Exercise objective: Could you set down the records below exactly as they are, with no pictures?

Dataset content:
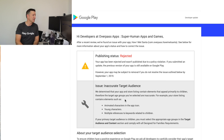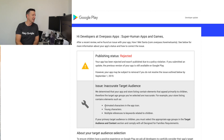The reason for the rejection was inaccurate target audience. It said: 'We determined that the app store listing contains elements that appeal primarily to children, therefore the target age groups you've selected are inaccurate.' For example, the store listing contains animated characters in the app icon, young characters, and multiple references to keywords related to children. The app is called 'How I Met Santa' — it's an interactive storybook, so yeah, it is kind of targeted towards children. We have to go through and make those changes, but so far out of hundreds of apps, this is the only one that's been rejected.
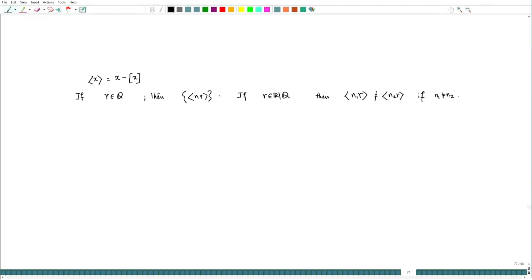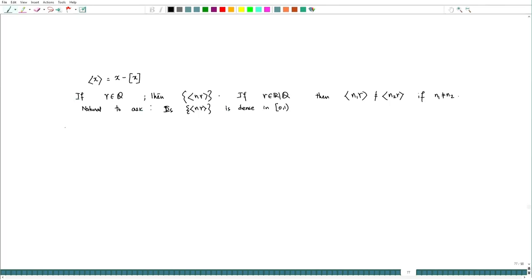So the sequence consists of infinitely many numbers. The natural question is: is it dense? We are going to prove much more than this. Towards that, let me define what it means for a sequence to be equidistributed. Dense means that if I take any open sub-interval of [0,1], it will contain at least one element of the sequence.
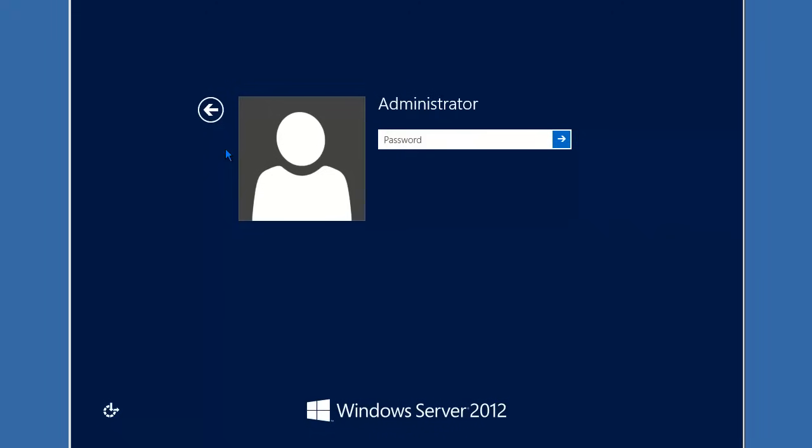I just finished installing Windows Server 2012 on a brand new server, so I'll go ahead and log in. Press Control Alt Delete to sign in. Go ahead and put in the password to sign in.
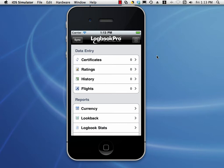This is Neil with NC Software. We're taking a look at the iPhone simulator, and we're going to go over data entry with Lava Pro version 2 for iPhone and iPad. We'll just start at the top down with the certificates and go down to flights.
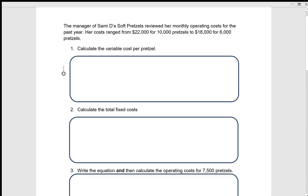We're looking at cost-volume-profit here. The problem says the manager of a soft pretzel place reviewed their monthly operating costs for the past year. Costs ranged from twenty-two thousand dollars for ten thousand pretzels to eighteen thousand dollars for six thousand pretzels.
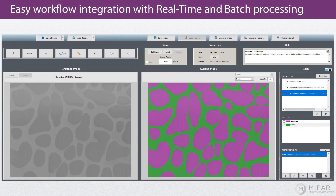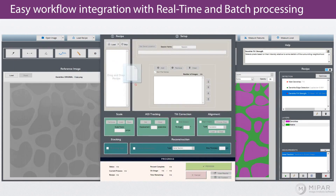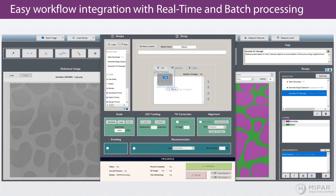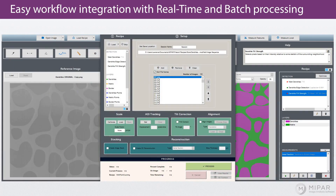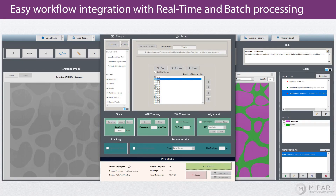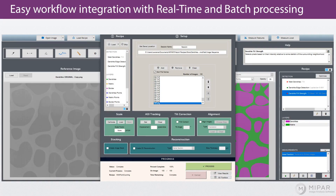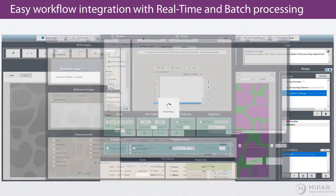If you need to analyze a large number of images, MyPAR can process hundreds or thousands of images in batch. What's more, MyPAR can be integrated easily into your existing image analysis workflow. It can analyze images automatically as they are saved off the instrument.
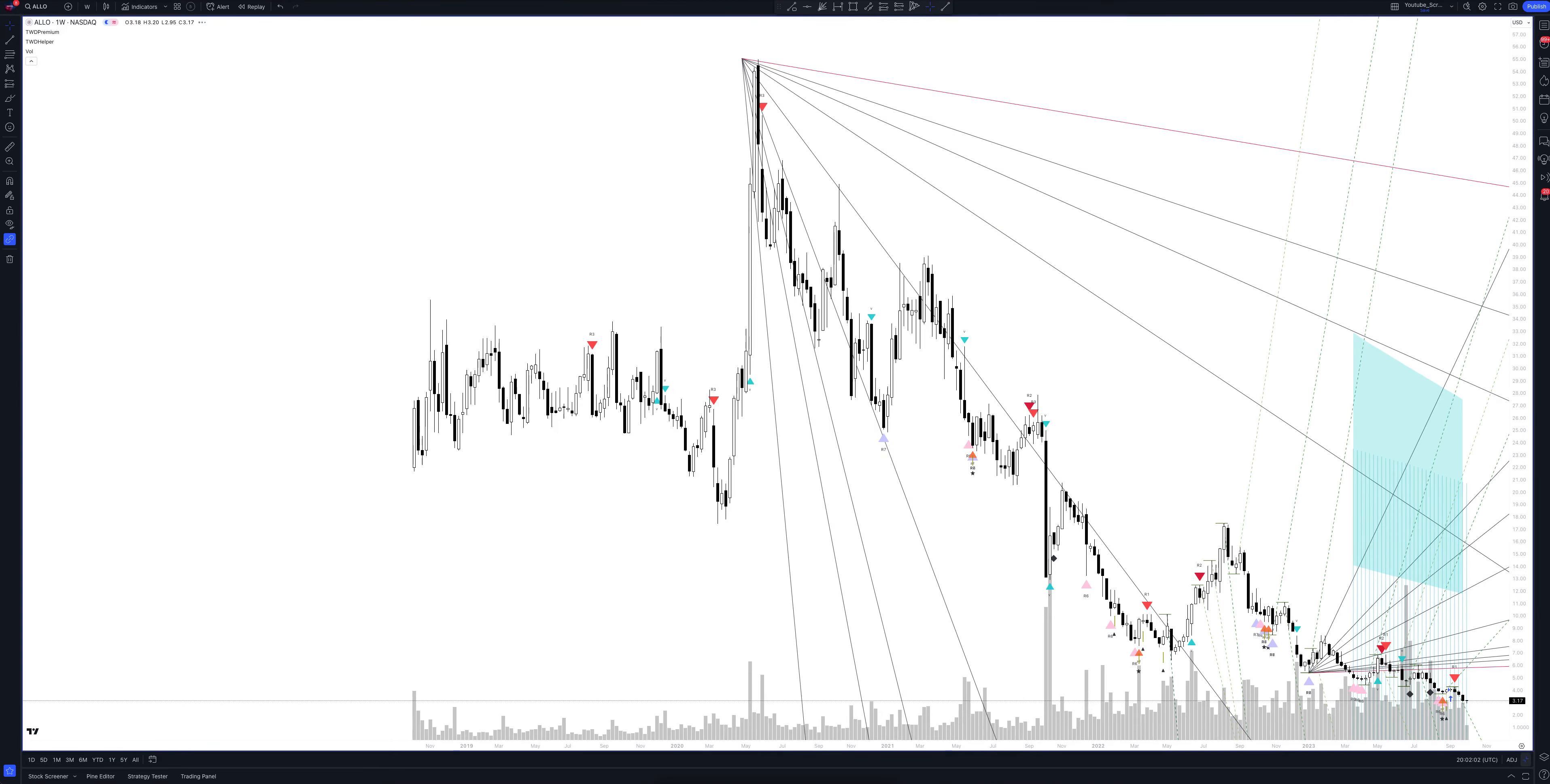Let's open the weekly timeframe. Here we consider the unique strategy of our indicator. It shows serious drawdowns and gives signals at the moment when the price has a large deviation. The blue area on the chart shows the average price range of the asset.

Expected answer:
The reason for the rejection was inaccurate target audience. It said: 'We determined that the app store listing contains elements that appeal primarily to children, therefore the target age groups you've selected are inaccurate.' For example, the store listing contains animated characters in the app icon, young characters, and multiple references to keywords related to children. The app is called 'How I Met Santa' — it's an interactive storybook, so yeah, it is kind of targeted towards children. We have to go through and make those changes, but so far out of hundreds of apps, this is the only one that's been rejected.
So the sequence consists of infinitely many numbers. The natural question is: is it dense? We are going to prove much more than this. Towards that, let me define what it means for a sequence to be equidistributed. Dense means that if I take any open sub-interval of [0,1], it will contain at least one element of the sequence.
I just finished installing Windows Server 2012 on a brand new server, so I'll go ahead and log in. Press Control Alt Delete to sign in. Go ahead and put in the password to sign in.
This is Neil with NC Software. We're taking a look at the iPhone simulator, and we're going to go over data entry with Lava Pro version 2 for iPhone and iPad. We'll just start at the top down with the certificates and go down to flights.
We're looking at cost-volume-profit here. The problem says the manager of a soft pretzel place reviewed their monthly operating costs for the past year. Costs ranged from twenty-two thousand dollars for ten thousand pretzels to eighteen thousand dollars for six thousand pretzels.
If you need to analyze a large number of images, MyPAR can process hundreds or thousands of images in batch. What's more, MyPAR can be integrated easily into your existing image analysis workflow. It can analyze images automatically as they are saved off the instrument.
Let's open the weekly timeframe. Here we consider the unique strategy of our indicator. It shows serious drawdowns and gives signals at the moment when the price has a large deviation. The blue area on the chart shows the average price range of the asset.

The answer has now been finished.